I implemented a wordcount program with Java. Basically, the program takes a large file (in my tests, I used a 10 gb data file that contained numbers only), and counts the number of times each 'word' appears - in this case, a number (23723 for example might appear 243 times in the file).
Below is my implementation. I seek to improve it, with mainly performance in mind, but a few other things as well, and I am looking for some guidance. Here are a few of the issues I wish to correct:
Currently, the program is threaded and works properly. However, what I do is pass a chunk of memory
(500MB/NUM_THREADS)
to each thread, and each thread proceeds to wordcount. The problem here is that I have the main thread wait for ALL the threads to complete before passing more data to each thread. It isn't too much of a problem, but there is a period of time where a few threads will wait and do nothing for a while. I believe some sort of worker pool or executor service could solve this problem (I have not learned the syntax for this yet).The program will only work for a file that contains integers. That's a problem. I struggled with this a lot, as I didn't know how to iterate through the data without creating loads of unused variables (using a String or even StringBuilder had awful performance). Currently, I use the fact that I know the input is an integer, and just store the temporary variables as an
int
, so no memory problems there. I want to be able to use some sort of delimiter, whether that delimiter be a space, or several characters.I am using a global ConcurrentHashMap to story key value pairs. For example, if a thread finds a number "24624", it searches for that number in the map. If it exists, it will increase the value of that key by one. The value of the keys at the end represent the number of occurrences of that key. So is this the proper design? Would I gain in performance by giving each thread it's own hashmap, and then merging them all at the end?

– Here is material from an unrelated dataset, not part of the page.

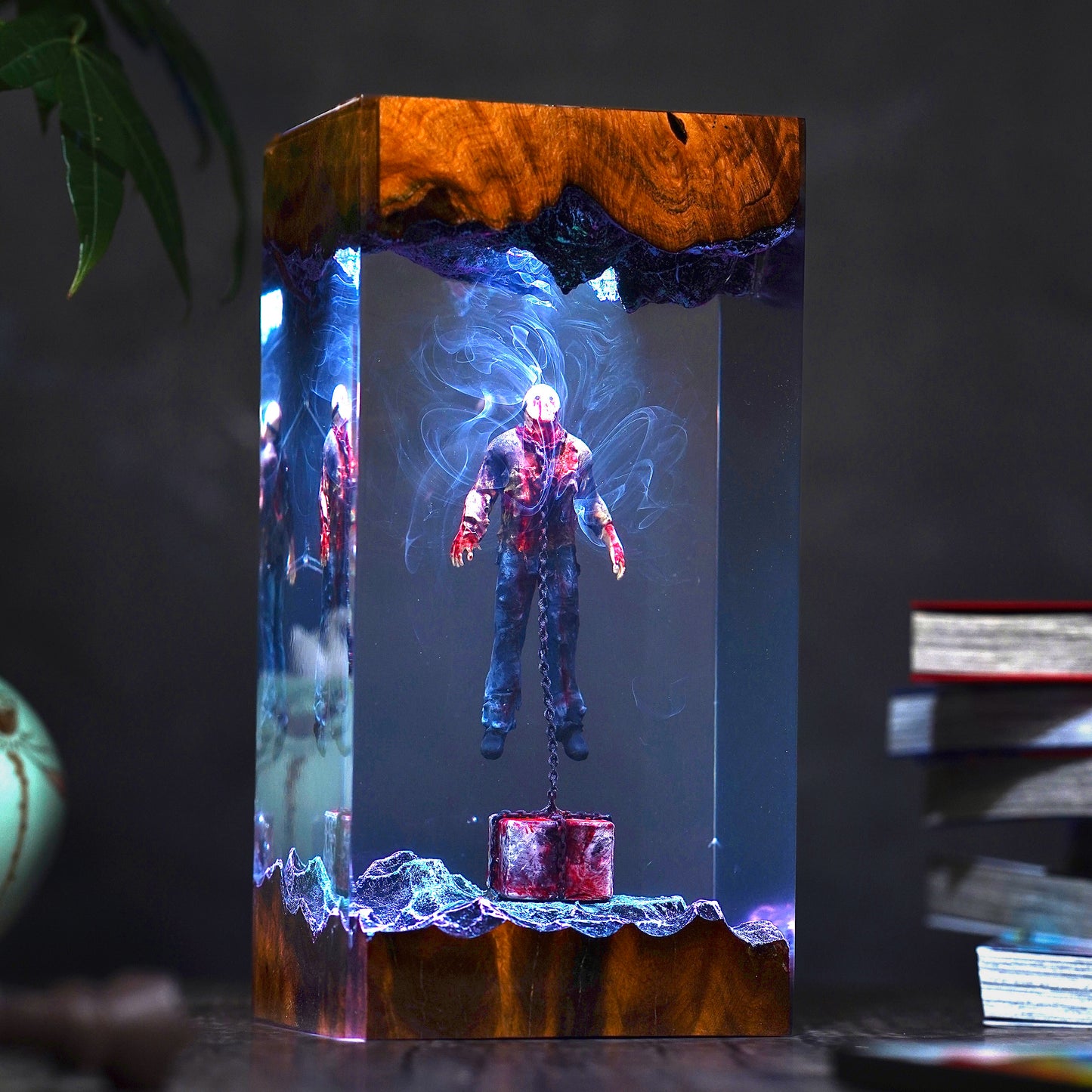 Underwater Terror: The Rusty Chain Resin Lamp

Is there any other way of seeking through a file with an offset without using the class RandomAccessMemory? This class will only read into a byte array, which I then have to convert. I haven't timed this conversion, but maybe it could be faster to use something else.
I am open to other possibilities as well, this is just what comes to mind.

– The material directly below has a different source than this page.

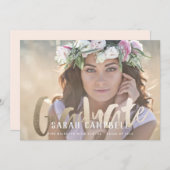 ゴールドフォイル卒業スクリプトカード 招待状 (正面/裏面)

Note: Splitting the file is not an option I want to explore, as I might be deploying this on a server in which I should not be creating my own files, but if it would really be a performance boost, I might listen.
Other Note: I am new to java threading, as well as new to StackOverflow. Be gentle.
public class BigCount2 {
public static void main(String[] args) throws IOException, InterruptedException {
int num, counter;
long i, j;
String delimiterString = " ";
ArrayList<Character> delim = new ArrayList<Character>();
for (char c : delimiterString.toCharArray()) {
delim.add(c);
}
int counter2 = 0;
num = Integer.parseInt(args[0]);
int bytesToRead = 1024 * 1024 * 1024 / 2; //500 MB, size of loop
int remainder = bytesToRead % num;
int k = 0;
bytesToRead = bytesToRead - remainder;
int byr = bytesToRead / num;
String filepath = "C:/Users/Daniel/Desktop/int-dataset-10g.dat";
RandomAccessFile file = new RandomAccessFile(filepath, "r");
Thread[] t = new Thread [num];//array of threads
ConcurrentMap<Integer, Integer> wordCountMap = new ConcurrentHashMap<Integer, Integer>(25000);
byte [] byteArray = new byte [byr]; //allocates 500mb to a 2D byte array
char[] newbyte;
for (i = 0; i < file.length(); i += bytesToRead) {
counter = 0;
for (j = 0; j < bytesToRead; j += byr) {
file.seek(i + j);
file.read(byteArray, 0, byr);
newbyte = new String(byteArray).toCharArray();
t[counter] = new Thread(
new BigCountThread2(counter,
newbyte,
delim,
wordCountMap));//giving each thread t[i] different file fileReader[i]
t[counter].start();
counter++;
newbyte = null;
}
for (k = 0; k < num; k++){
t[k].join(); //main thread continues after ALL threads have finished.
}
counter2++;
System.gc();
}
file.close();
System.exit(0);
}
}
class BigCountThread2 implements Runnable {
private final ConcurrentMap<Integer, Integer> wordCountMap;
char [] newbyte;
private ArrayList<Character> delim;
private int threadId; //use for later
BigCountThread2(int tid,
char[] newbyte,
ArrayList<Character> delim,
ConcurrentMap<Integer, Integer> wordCountMap) {
this.delim = delim;
threadId = tid;
this.wordCountMap = wordCountMap;
this.newbyte = newbyte;
}
public void run() {
int intCheck = 0;
int counter = 0; int i = 0; Integer check; int j =0; int temp = 0; int intbuilder = 0;
for (i = 0; i < newbyte.length; i++) {
intCheck = Character.getNumericValue(newbyte[i]);
if (newbyte[i] == ' ' || intCheck == -1) { //once a delimiter is found, the current tempArray needs to be added to the MAP
check = wordCountMap.putIfAbsent(intbuilder, 1);
if (check != null) { //if returns null, then it is the first instance
wordCountMap.put(intbuilder, wordCountMap.get(intbuilder) + 1);
}
intbuilder = 0;
}
else {
intbuilder = (intbuilder * 10) + intCheck;
counter++;
}
}
}
}